You Can’t Afford Peace; Just Accept It.

[St. Jude asked,] “Lord, how is it that you will manifest yourself to us, and not to the world?”

Jesus answered him,

If a man loves me, he will keep my word, and my Father will love him, and we will come to him and make our home with him. He who does not love me does not keep my words; and the word which you hear is not mine but the Father’s who sent me.

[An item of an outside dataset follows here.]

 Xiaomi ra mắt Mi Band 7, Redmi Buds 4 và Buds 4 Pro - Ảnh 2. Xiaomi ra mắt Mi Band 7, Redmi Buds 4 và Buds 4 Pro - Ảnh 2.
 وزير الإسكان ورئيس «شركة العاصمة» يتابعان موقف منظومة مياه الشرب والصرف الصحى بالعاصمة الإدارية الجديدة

These things I have spoken to you, while I am still with you. But the Counselor, the Holy Spirit, whom the Father will send in my name, he will teach you all things, and bring to your remembrance all that I have said to you. Peace I leave with you; my peace I give to you; not as the world gives do I give to you. Let not your hearts be troubled, neither let them be afraid. You heard me say to you, ‘I go away, and I will come to you.’ If you loved me, you would have rejoiced, because I go to the Father; for the Father is greater than I. And now I have told you before it takes place, so that when it does take place, you may believe.

(source: John 14:18-31 RSVCE)

Do not be afraid.  And do not be deluded.

Peace has a price.

We know that we are of God, and the whole world is in the power of the evil one.

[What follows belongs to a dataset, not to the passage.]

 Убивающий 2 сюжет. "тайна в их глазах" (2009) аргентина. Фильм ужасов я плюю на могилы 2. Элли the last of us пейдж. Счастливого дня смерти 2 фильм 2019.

And we know that the Son of God has come and has given us understanding, to know him who is true; and we are in him who is true, in his Son Jesus Christ. This is the true God and eternal life.

Little children, keep yourselves from idols.

(source: 1 John 5 RSVCE)

So bow and welcome Christ’s blessing the next time you hear, “Peace be with you.”

You need it, just like I do.

For Peace, You Must Be Better

When we tolerate and promote willful evil, we get more of it.

When we think we can achieve security and prosperity by making life thinner and less precious, we find that wrath and envy thrive, that life is cheap.

When we tolerate and promote a society whose “common good” is the endless warfare of all against all, where each individual must shout in a unique voice and never sacrifice any desire, yet where race and class and sex can never be eclipsed as social and political forces, then how can we be surprised that we get such incoherent results?

Their very incoherence is their coherence.

(Seattle)

Their logic is the logic of nihility.

(Portland)

Their spirit is the spirit of the age.

(San Francisco)

It is the spirit of abortion.

(Baltimore)

It is the spirit of usury.

(Berkeley)

It is the spirit of a nation which doubts its right to exist.

(St. Louis)

It is the spirit of a people with reason for their doubts.

It is the spirit of a people who have lost the will to reason.